I want to connect BatchedNMSPlugin to my detector model.
So, I convert onnx file to trt and connect to batchedNMSPlugin.
I change onnx2trt’s main.cpp.
[main.cpp]
// set nms paramter
nvinfer1::plugin::NMSParameters nms_parameter;
nms_parameter.shareLocation = true;
nms_parameter.backgroundLabelId = -1;
nms_parameter.numClasses = 1;
nms_parameter.scoreThreshold = 0.1f;
nms_parameter.iouThreshold = 0.5f;
nms_parameter.isNormalized = false;
nms_parameter.keepTopK = 100;
// create nms plugin
nvinfer1::IPluginV2* nms_plugin = createBatchedNMSPlugin(nms_parameter);
// set nms input tensor
// 7: outputs_bbox0
// 8: outputs_score0
nvinfer1::ITensor* nms_input_tensors[] = {trt_network->getOutput(7), trt_network->getOutput(8)};
// print nms input tensor
for (auto i = 0; i < 2; ++i) {
auto dims = nms_input_tensors[i]->getDimensions();
cout << i << ": " << dims.nbDims << ": ";
for (auto j = 0; j < dims.nbDims; ++j)
cout << dims.d[j] << ", ";
cout << endl;
}
// connect to original network
auto nms_layer = trt_network->addPluginV2(&nms_input_tensors[0], 2, *nms_plugin);
// set nms output tensor
for (auto i = 0; i < nms_layer->getNbOutputs(); ++i)
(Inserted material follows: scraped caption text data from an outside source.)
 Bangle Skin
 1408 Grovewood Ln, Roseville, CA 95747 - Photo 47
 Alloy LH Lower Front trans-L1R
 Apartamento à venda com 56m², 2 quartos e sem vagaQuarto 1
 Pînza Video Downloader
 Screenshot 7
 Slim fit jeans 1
trt_network->markOutput(*(nms_layer->getOutput(i)));
// print nms output tensor
for (auto i = 0; i < nms_layer->getNbOutputs(); ++i) {
auto dims = nms_layer->getOutput(i)->getDimensions();
cout << i << ": " << dims.nbDims << ": ";
for (auto j = 0; j < dims.nbDims; ++j)
cout << dims.d[j] << ", ";
cout << endl;
}
// remove original detector's output
trt_network->unmarkOutput(*(trt_network->getOutput(7)));
trt_network->unmarkOutput(*(trt_network->getOutput(7)));
// set nms output's name
char* nms_output_name[] = {"num_detections", "nmsed_boxes", "nmsed_scores", "nmsed_classes"};
for (auto i = 0; i < 4; ++i)
trt_network->getOutput(7 + i)->setName(nms_output_name[i]);
// final nms engine's output
for (auto i = 0; i < trt_network->getNbOutputs(); ++i) {
auto nms_tensor = trt_network->getOutput(i);
auto nms_out_dims = nms_tensor->getDimensions();
cout << i << ": " << nms_tensor->getName() << ": ";
for (auto j = 0; j < nms_out_dims.nbDims; ++j)
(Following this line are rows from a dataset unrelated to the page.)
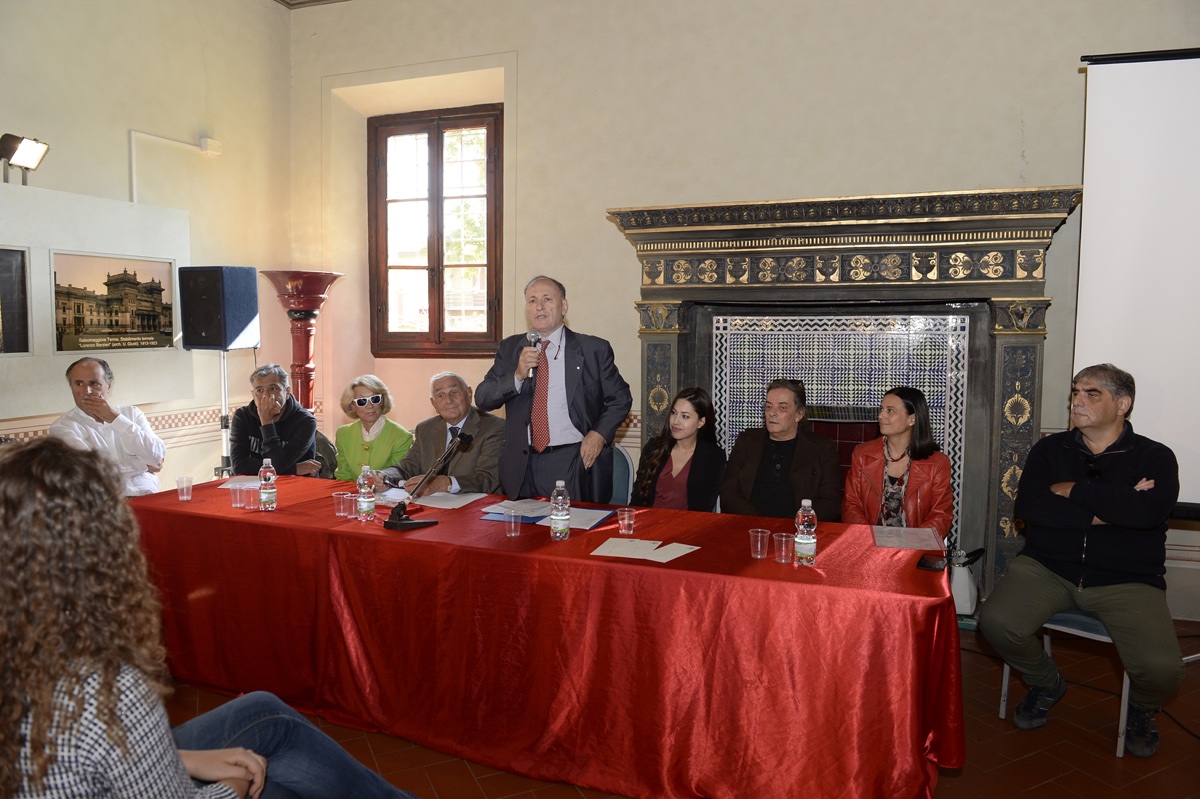 Premio-dino-campana-2017_1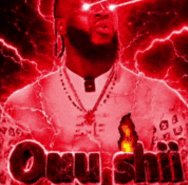 1780435620204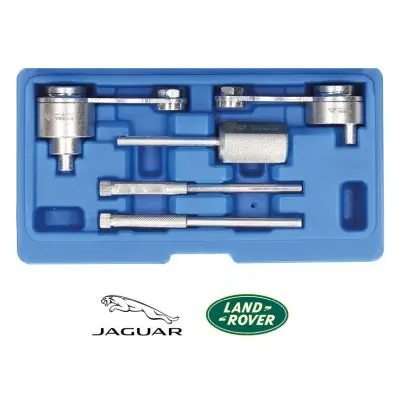 Bestseller KS TOOLS Einstellwerkzeugsatz, Steuerzeiten (BT593150) KFZ-7049493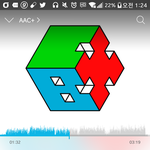 [EXO] 나진짜 <b>자살</b>한다진짜 한시간밖에못버티면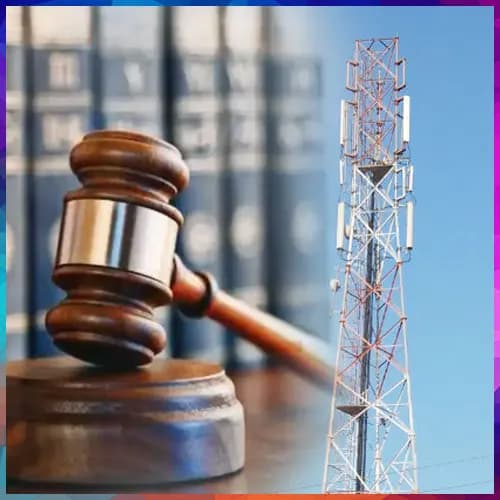 DK Consumer Commission orders BSNL to pay a consumer ₹30,000 as compensation
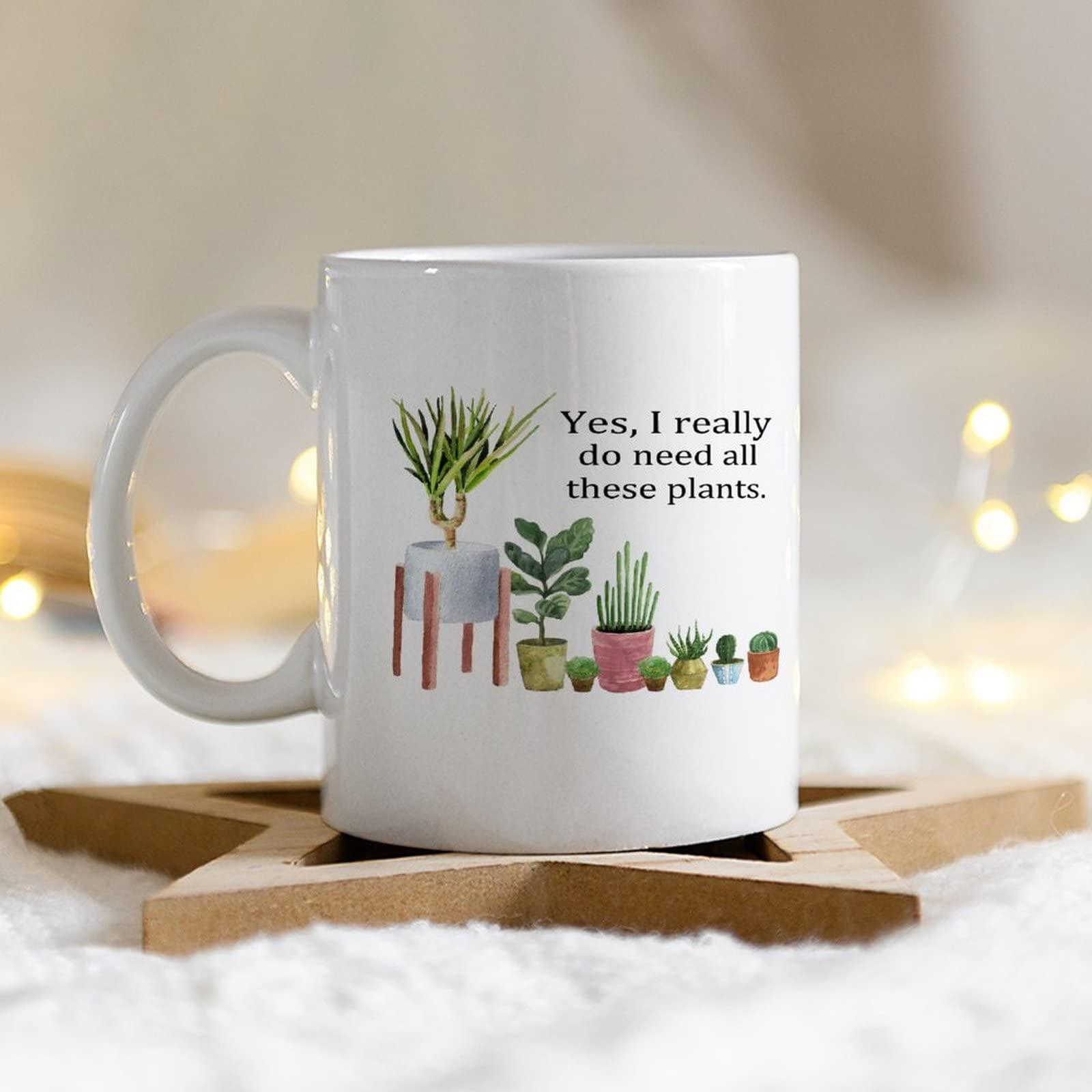 Generic Generic Stage Skirt, Black Stage Skirting Shirred Pleat, Any Length and Height (12ft Lenght x 8\"\" Height)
cout << nms_out_dims.d[j] << ", ";
cout << endl;
}
So, I can get Tensor RT engine file from converted by onnx2trt.
And I want to use this engine file another source.
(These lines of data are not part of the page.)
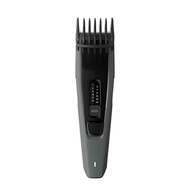 Philips Cordless Hairclipper series 3000 Hair clipper HC3525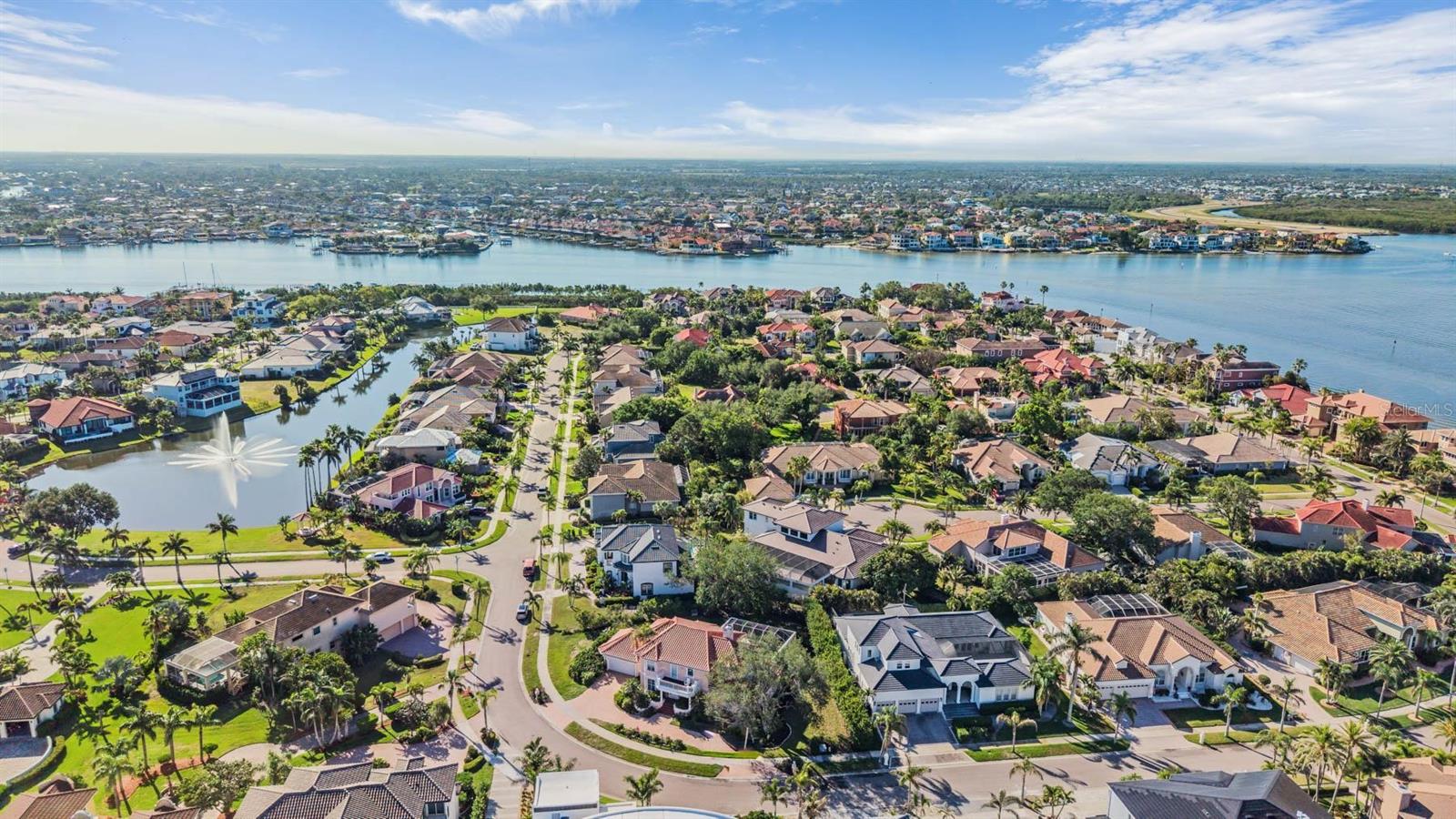 Image 66 of 73 For 1422 Jumana Loop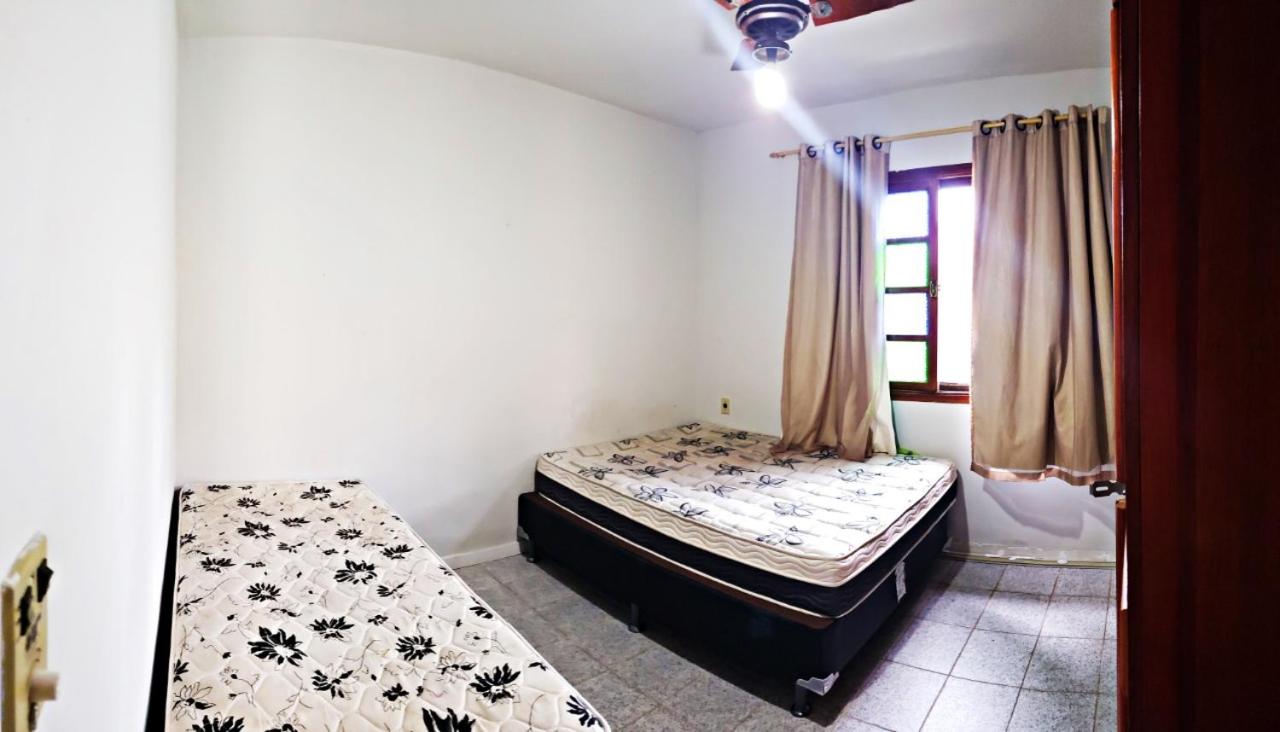 Casa Cabo Frio - Ogiva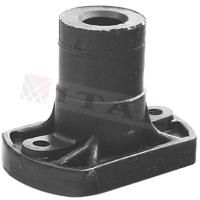 BIÇAK ADAPTÖRÜ CASTEL GARDEN T430/480 PLASTİK 17MM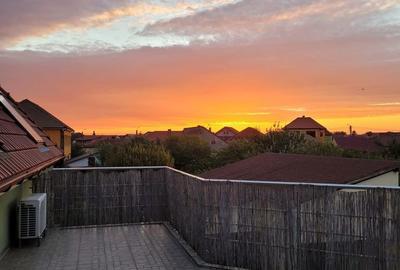 Casă cu 5 camere cu Teren 634 Mp în Grădiște - 1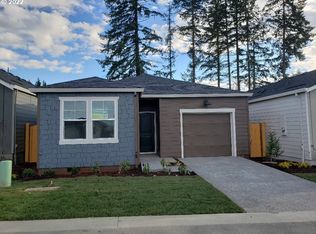 11210 NE 16th St, Vancouver, WA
I want to deserialize this engine and execute engine.
But In this case, I got the error on deserializeCudaEngine().
INVALID_ARGUMENT: getPluginCreator could not find plugin BatchedNMS_TRT version 1
safeDeserializationUtils.cpp (259) - Serialization Error in load: 0 (Cannot deserialize plugin since corresponding IPluginCreator not found in Plugin Registry)
INVALID_STATE: std::exception
INVALID_CONFIG: Deserialize the cuda engine failed.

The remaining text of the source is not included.